Unfortunately, the drama
program is about to be put out of its misery due to budget cuts, just
as Dana is trying to reach out to a whole new group of students. Since
this will be his last chance to wow the faculty, parents and community,
Dana is inspired to write a musical that no one will ever forget,
mostly because it could be one of the most offensive and horrifyingly
bad stories you could ever imagine.
Will Hamlet 2 make it to the stage in defiance of
the protests?
Will it save the drama program?
Hamlet 2 is a funny movie, but not
the second coming of Little Miss
Sunshine or Sideways. While it wants to
ride the wave from Sundance
Film Festival favorite to box office gold like those two
indie hits did, Hamlet 2 will just go down as a
quirky film released at
a time when bigger movies were starting to wind down and this was worth
taking a chance on.
Coogan gives it everything he can, and creates a character who has the
right parts creepy, weird and earnest, but the
material isn’t as consistent as his performance. Writer Pam
Brady and writer/director Andrew Fleming hit some very high notes with
the outrageous musical we keep hearing about, but they also suffer from
the anticipation.
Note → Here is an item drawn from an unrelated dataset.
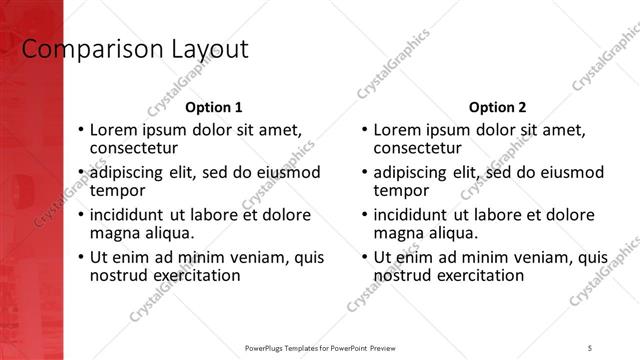 Comparison presentation slide layout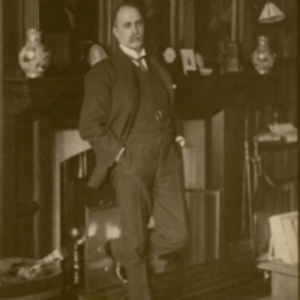 Sir William Osler in his library at 13 Norham Gardens, Oxford.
Maybe this is the point and why it is supposed to be
ironic, but Hamlet 2, as staged in the movie,
can’t live up
to the wildness we imagine in our heads as little hints and plotlines
are slipped into the movie.
Some of the subplots seem meaningless,
especially the adversarial relationship between Dana’s wife
(Catherine Keener) and their border (David Arquette), but so much of
Hamlet 2 is focused on the staging
of the play that this story, as well
as one about Dana’s marriage, gets lost and underdeveloped.
However,
Elisabeth Shue shows up in the movie to provide some of the best
self-effacing scenes any actor has been called upon to perform. Her
appearance alone might be worth the price of a ticket.
Hamlet 2 rated R for language
including sexual references, brief nudity and some drug content
violence and language.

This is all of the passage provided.